CIA Director David Petraeus, the former commander of American troops in Iraq and Afghanistan, has directed his intelligence analysts to give additional weight to the opinions of troops in the battlefield, the AP reports.
The Central Intelligence Agency, currently in the process of putting together a National Intelligence Estimate on the course of the Afghanistan war, will now consult with battlefield commanders to more comprehensively gauge the military’s opinions on the conflict.
Previously, CIA analysts would only send their work to the top military commander, toward the end of the process. Now, analysts will share their assessments with lower-level officers earlier to give them a chance to object to their conclusions, as well as earlier on in the process, the AP said.

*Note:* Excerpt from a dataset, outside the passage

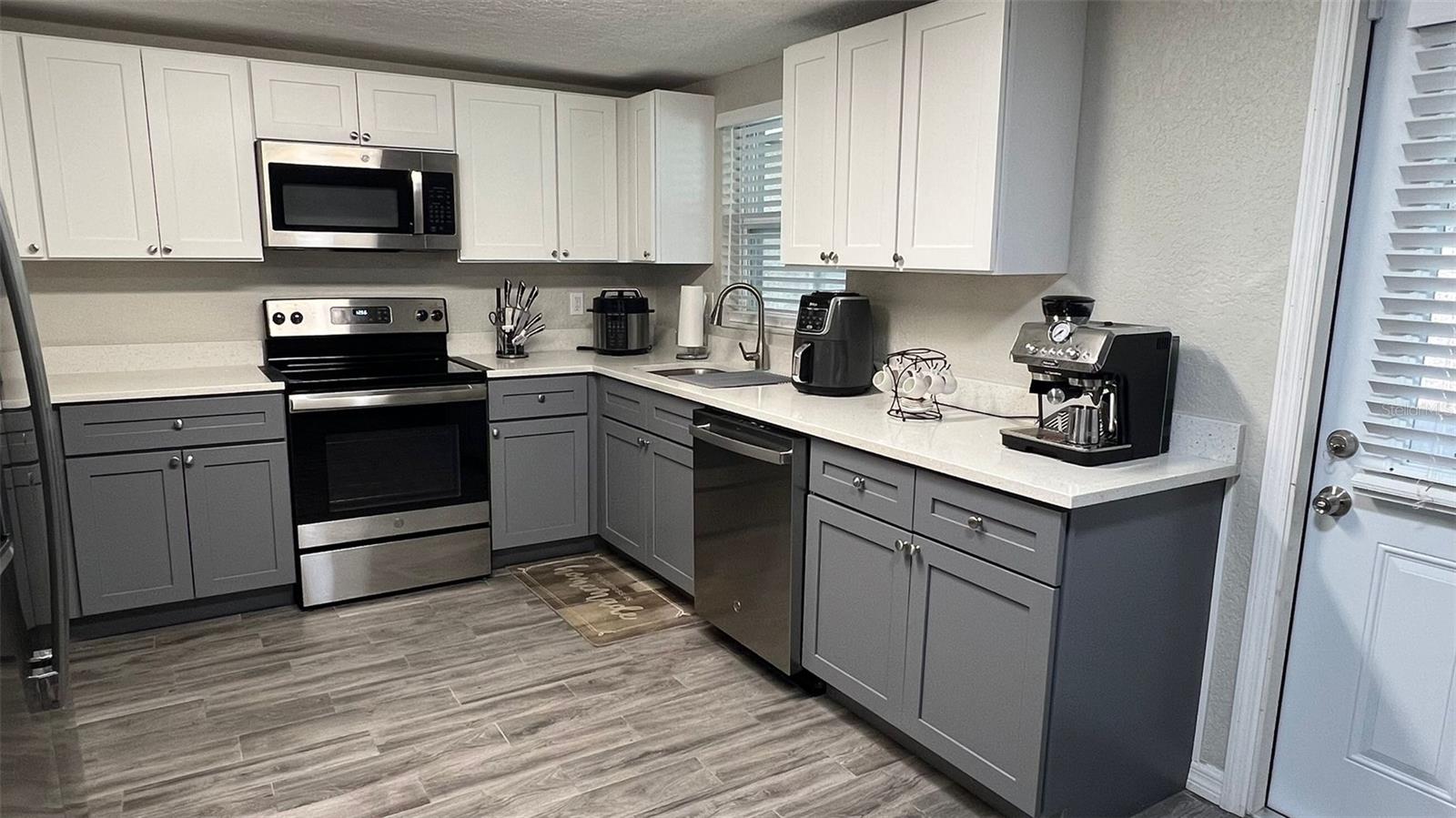 ALOHA GARDENS - Residential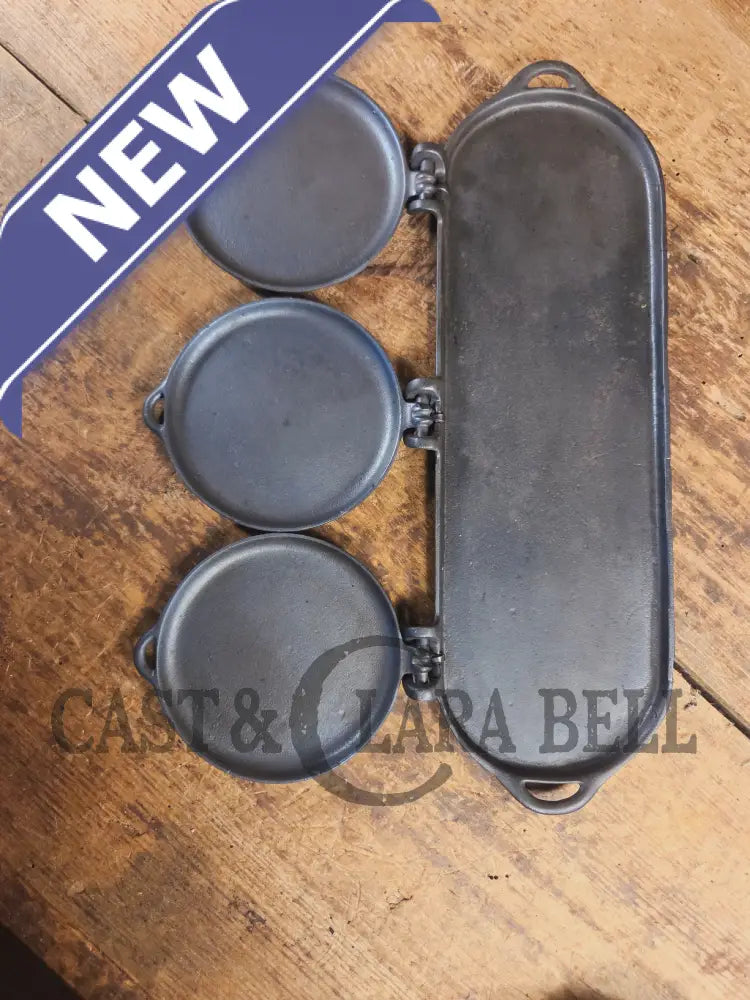 Late 1800’s 3-Section Pancake Flop Griddle by Schofield MFG. New York. Mint condition SC24 - Griddle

The further input of military commanders in the intelligence assessment may improve the ongoing analysis of the war - in the past, the generally more optimistic military reports have often contrasted with more pessimistic civilian analysis.
During his confirmation proceedings, Petraeus said that one thing he hoped to change was the way that civilian analysts evaluate wars. As a military leader, and especially as he oversaw counterinsurgency efforts in Afghanistan, Petraeus expressed frustration over negative reports coming from the CIA.
The CIA says that Petraeus’ adjustment is a change in the equation which will increase accuracy rather than bias the results towards positive results.
“Analytic debate and discussion haven’t been chilled; they’ve been promoted,” CIA spokeswoman Jennifer Youngblood told the AP.
The CIA’s national intelligence estimates are seen as a key basis on which the White House and Congress decide on future policies.
Petraeus became the director of the CIA last month after a career that transformed the way the U.S. military thinks about counterinsurgency strategy.
His most recent military assignment involved commanding coalition troops in Afghanistan for a year. Before that, the four-star general served as the commander of U.S. Central Command from 2008 to 2010, and head of the coalition forces in Iraq from 2007 to 2008.